Эта рукопись четырнадцатого века, найденная Ренуаром в Национальной библиотеке, содержит тексты судебных решений, вынесенных Дамами, личности которых в истории хорошо известны — это Элеонора Аквитанская, которая была последовательно — и это "последовательно" предполагает активное личное ее участие в разыгравшейся впоследствии драме — супругой Людовика VIIЮнейшего и Генриха Плантагенета, будущего короля Англии, за которого она вышла замуж, когда тот был еще герцогом Бургундским, что и позволило ему претендовать на области, входившие в состав Франции; это ее дочь, которая вышла замуж за некоего Генриха I, графа Шампанского; это и другие знатные дамы, чье существование исторически засвидетельствовано. Все они, согласно этой рукописи, участвовали в казуистических разбирательствах любовных дел — разбирательствах, предполагавших воплощенные в ясных примерах, ни в коем случае не приблизительные, ориентиры. За ориентирами этими стояли определенные идеалы, к которым надлежало стремиться — о некоторых из них мне и хотелось бы с вами поговорить.

Примеры свои мы можем позаимствовать с равным успехом и в германских землях, и в средиземноморских. Отличие будет исключительно в означающих, так как поэзия эта создавалась на народных наречиях, и в первом случае язык будет немецким, а во втором — окситанским. Термины, хотя и на разных языках, пересекаются, совпадают — мы явно имеем дело с одной и той же системой. Система эта организуется вокруг нескольких тем, первой из которых является траур, и даже траур пожизненный, до самой смерти.

В началах своих, как сформулировал это один из тех, кто в Германии начала девятнадцатого века ее в основных чертах описал, куртуазная любовь представляет собой схоластику несчастной любви. Используемые в этой области термины определяют собой регистр, в котором обретаются достоинства Дамы, что находит отражение в нормах, которыми регулируется порядок обмена между участниками этого своеобразного ритуала: вознаграждение, великодушие, милость (Gnade), блаженство.

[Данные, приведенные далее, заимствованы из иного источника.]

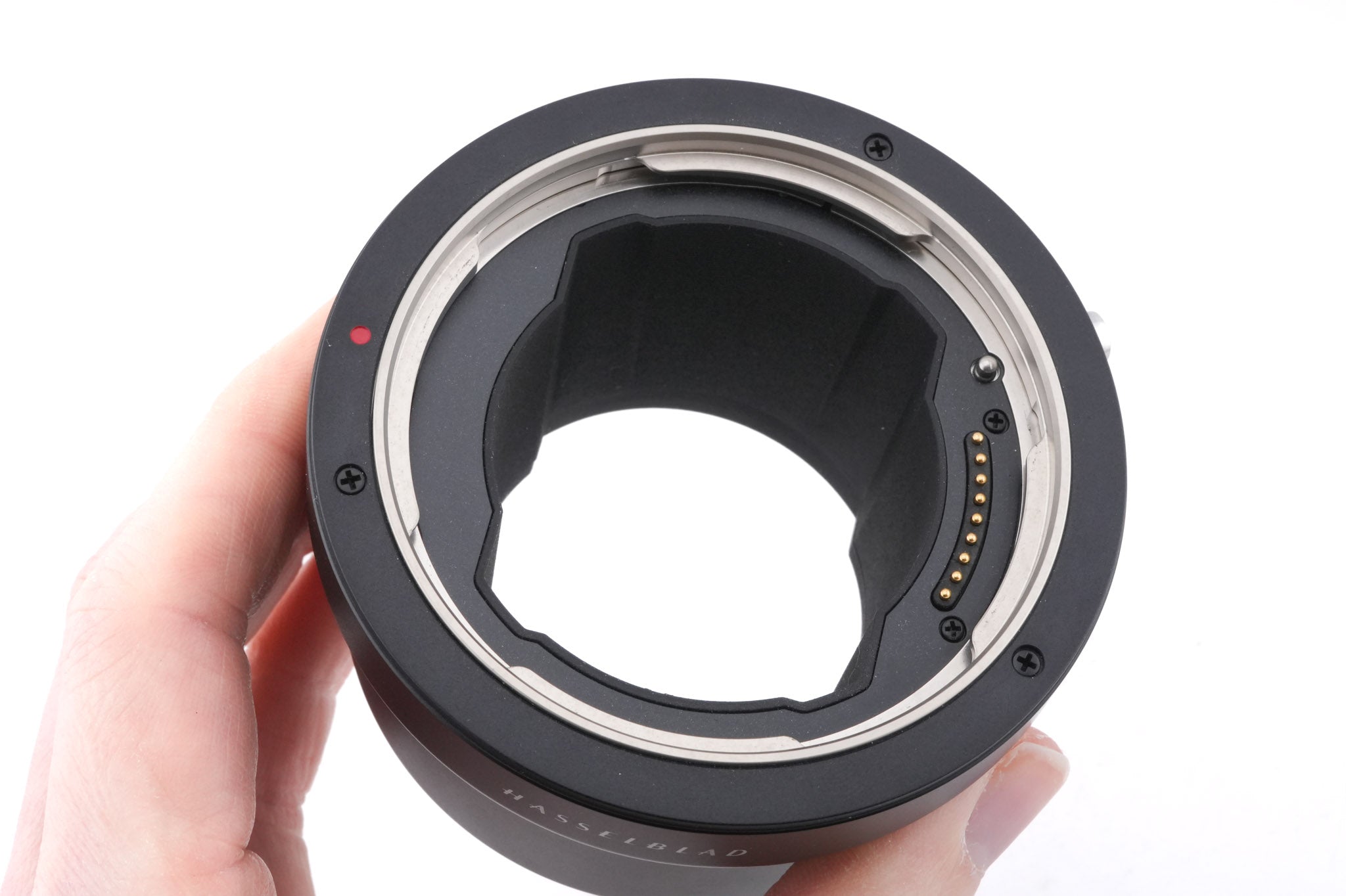 Hasselblad XH Lens Adapter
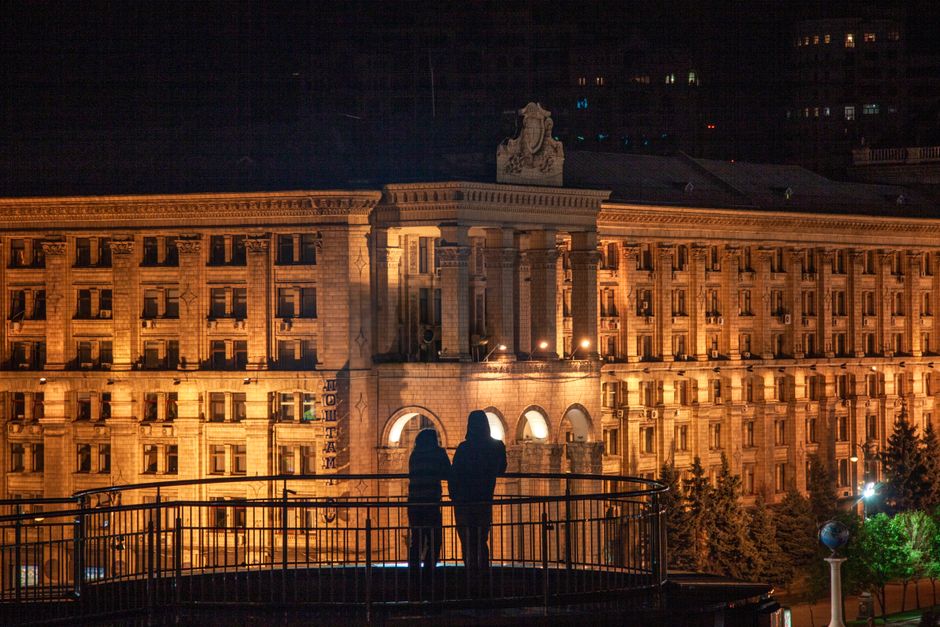 Зеленський: жодної зустрічі щодо генпрокурора ще не проводив Зеленський: жодної зустрічі щодо генпрокурора ще не проводив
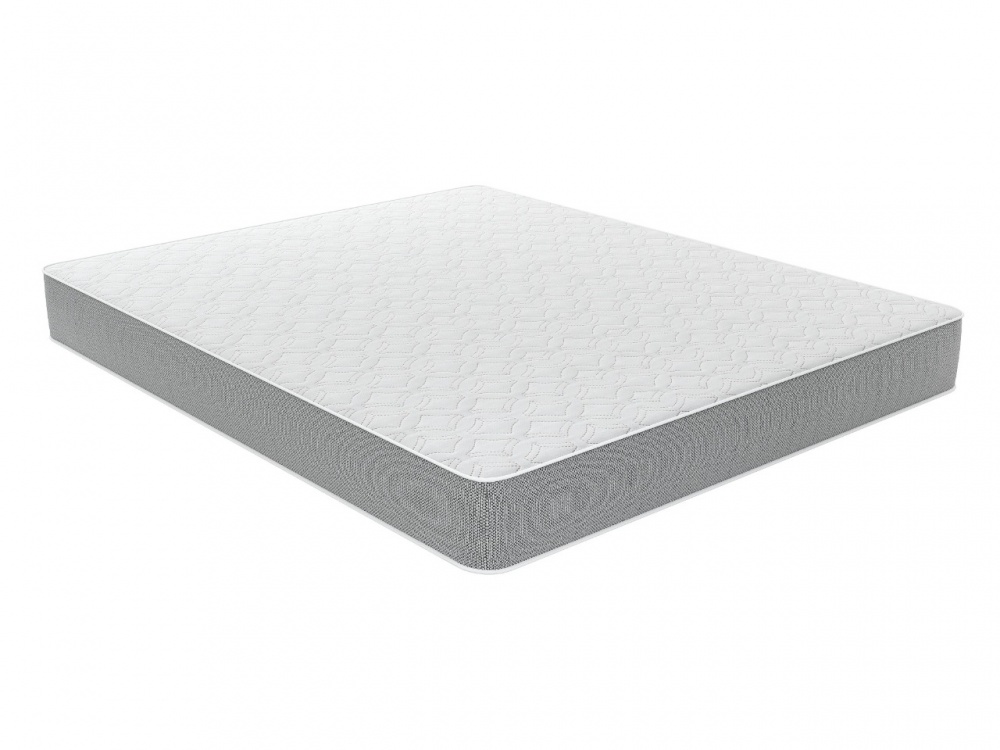 Матрас ортопедический Simple 5 Zone UP! (Underprice) 90x200 см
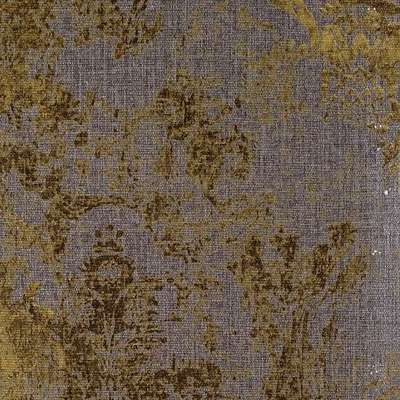 Portofino Kilim 330003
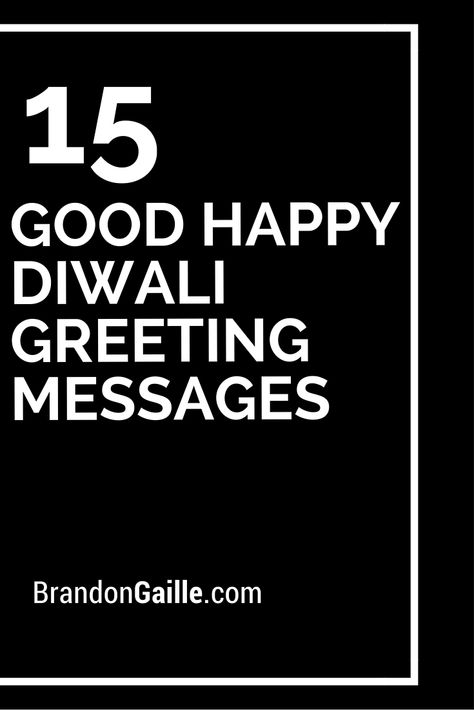 15 Good Happy Diwali Greeting Messages Diwali Message Greeting Card, Happy Diwali Messages, Diwali Facts, Deepavali Greetings Cards, Diwali Messages, Diwali Wishes Messages, Diwali Holiday, Diwali Message, Diwali Greeting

Чтобы лучше представить себе эту исключительно тонкую и сложную организацию, вспомните о Карте Нежности, где она, в куда более пресной форме, тоже представлена — ведь и наши пуристы, в другую историческую эпоху, тоже выдвинули социальное искусство беседы на первый план.

В отношении куртуазной любви поразительно то, что она возникает в эпоху, когда, судя по историческим данным, ни о каких признаках уважения к женщине, а тем более освобождения ее не может быть речи. Чтобы дать вам представление об этом времени, я позволю себе напомнить вам одну историю периода расцвета куртуазной любви — историю графини Ком-менж, дочери некоего Гильома де Монпелье.

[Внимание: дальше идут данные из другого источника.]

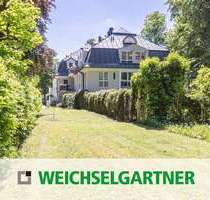 Wohnung zum Kaufen in München 950.000,00 € 82.65 m²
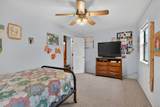 13094 Highway 348 - Photo 16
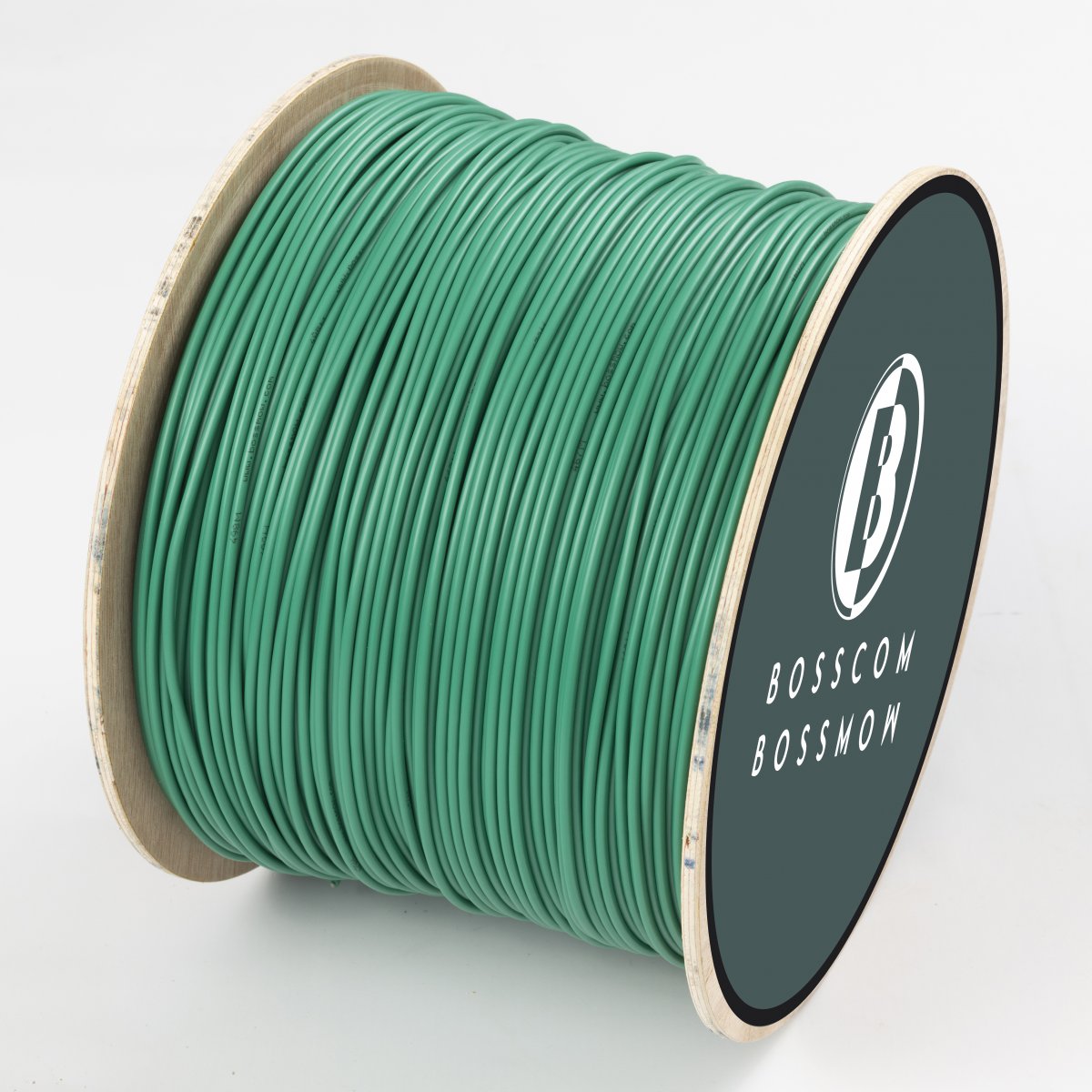 BOSSMOW PREMIUM standard cable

Некто Петр Арагонский, король Арагона, горя желанием, вопреки историческим обстоятельствам — первому в средневековой истории натиску Севера на Средиземноморье, вылившемуся в форму крестового похода против Альбигойцев и побед, одержанных над графами Тулузы Симоном де Монфором — утвердиться на севере Пиринеев и зная, что упомянутая дама наследует после смерти ее отца графство Монпелье, замышляет овладеть ею. Дама находится замужем и по натуре своей не склонна, судя по всему, ввязываться в грязные политические интриги. Это женщина очень замкнутая, почти святая, в церковном смысле этого слова — недаром и скончаться ей предстоит в Риме, в ореоле святости. Политические козни и давление со стороны сюзерена, Петра Арагонского, вынуждают ее оставить своего мужа. Вмешательство Папы заставляет его вернуть супругу к себе, но после смерти ее отца события разворачиваются, повинуясь воле более могущественного сеньора — муж, не отличавшийся верностью, отказывается от нее, и она выходит замуж за пресловутого Петра Арагонского, который обращается с ней настолько дурно, что она бежит от него и оканчивает жизнь в Риме под покровительством Папы, выступившим в данном случае в роли единственного защитника оскорбленной невинности.

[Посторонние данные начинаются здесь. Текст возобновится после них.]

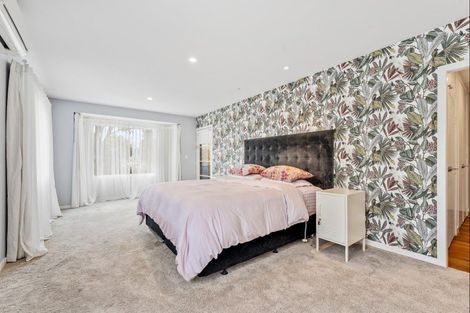 Photo of property in 95 Woodcocks Road, Warkworth, 0910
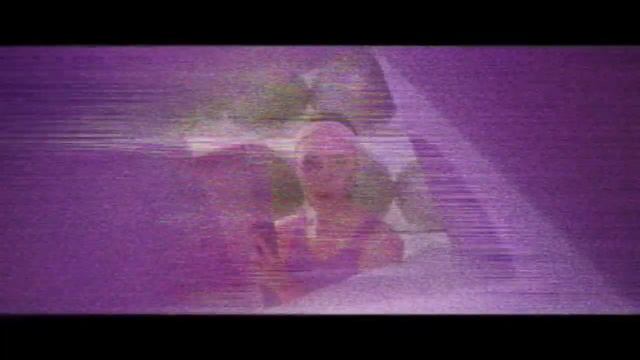 ВЫГОДА СТАНОВИТСЯ ВСЁ БОЛЬШЕ AKA ТРЯСИ СМАРТФОН 3.0 (VHS) (НОВАЯ РЕКЛАМА МЕГАФОН) смотреть онлайн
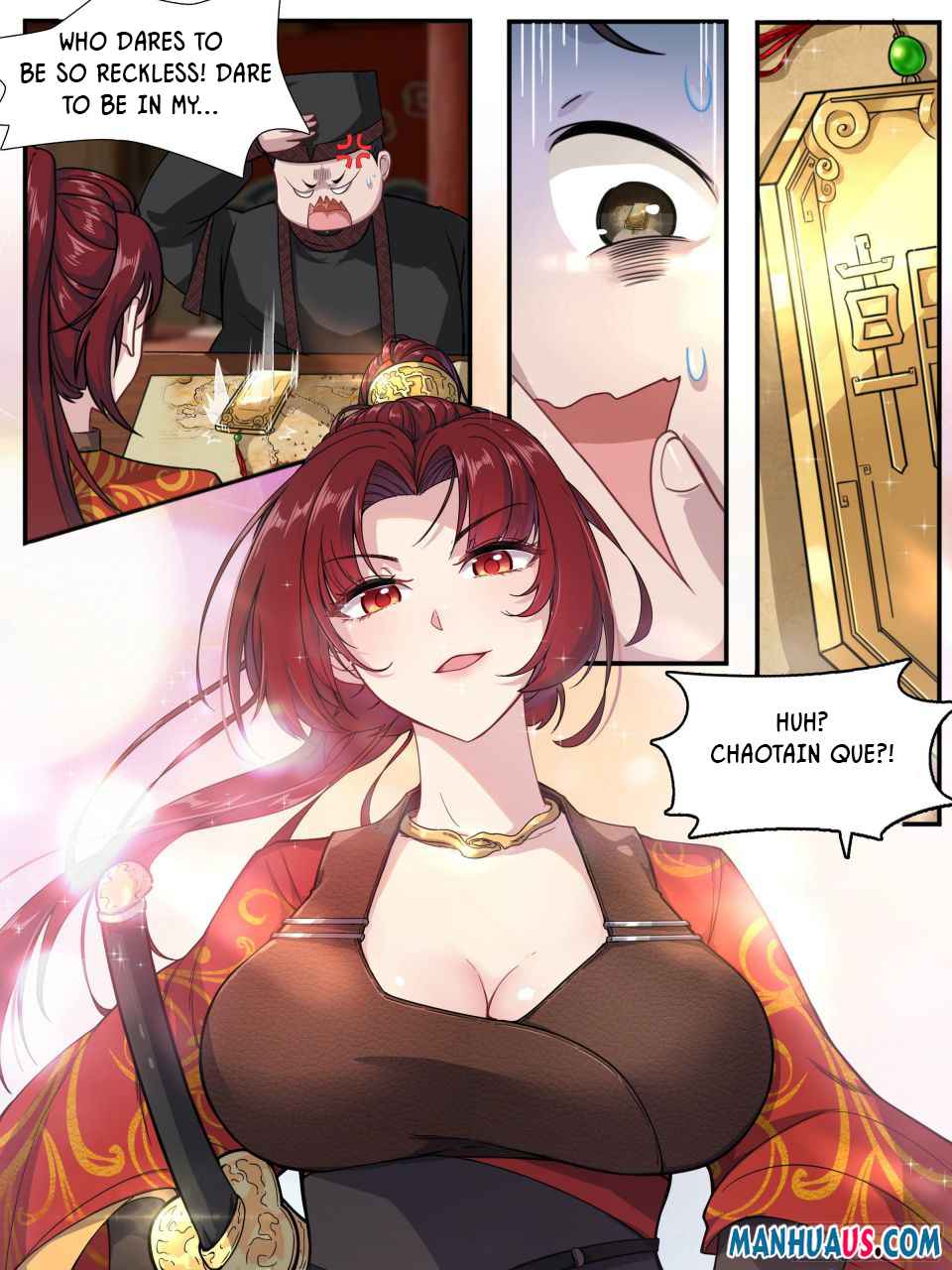 Page 12 of Chapter 3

Характер этой истории наглядно показывает, каково было в действительности положение женщины в феодальном обществе. Роль ее сводится, собственно говоря, к тому, на что указывают нам элементарные структуры родства — она не более чем коррелятив функций общественного обмена, живое воплощение определенного количества материальных благ и знаков могущества. Она отождествляется, по сути дела, с определенной социальной функцией, не оставляющей места личности и личной свободе — за исключением прибежища в виде религиозного права.

Вот в этом социальном контексте и возникает новая, исключительно любопытная роль — роль поэта куртуазной любви. Важно представлять себе его социальное положение, так как это позволит пролить определенный свет на фундаментальное, четко артикулированное представление, которое способна фрейдовская идеология дать о моде, к функционированию которой художник оказался в определенной форме причастен.

Мы имеем дело с удовлетворением стремления к власти, говорит Фрейд. Вот почему тем более интересно отметить, что среди миннезингеров — в известном под названием "Manuscrit des Manes" собранииЛТшиеош^е (находившемся в начале девятнадцатого века в Национальной Парижской библиотеке; высоко ценимом Генрихом Гейне, видевшем в нем источник всей позднейшей германской поэзии; в результате переговоров после 1888 года по справедливости возвращенном немцам и ныне находящемся в Гейдельберге) их насчитывается 126 — можно найти немало поэтов, занимавших в обществе чрезвычайно высокое положение — соравное князьям, королям, императорам.

Первым из трубадуров был Гильом Пуатье, седьмой граф Пуатье, девятый герцог Аквитанскии. До того, как он посвятил себя поэтическому творчеству, положившему начало куртуазной поэзии, Гильом был грозным разбойником, каковым являлся, собственно, в эту эпоху всякий себя уважающий знатный сеньор. В ряде ситуаций, о которых я умалчиваю, он выказал себя самым гнусным грабителем. Иного от него трудно было и ждать. Но вот, с какого-то момента он становится поэтом — поэтом этого совершенно особого рода любви.

Я хочу сразу же указать вам на те специальные работы, где вы можете найти тематический анализ настоящих ритуалов, выполнения которых куртуазная любовь требовала. Вопрос в том, какое место занимает эта любовь с психоаналитической точки зрения.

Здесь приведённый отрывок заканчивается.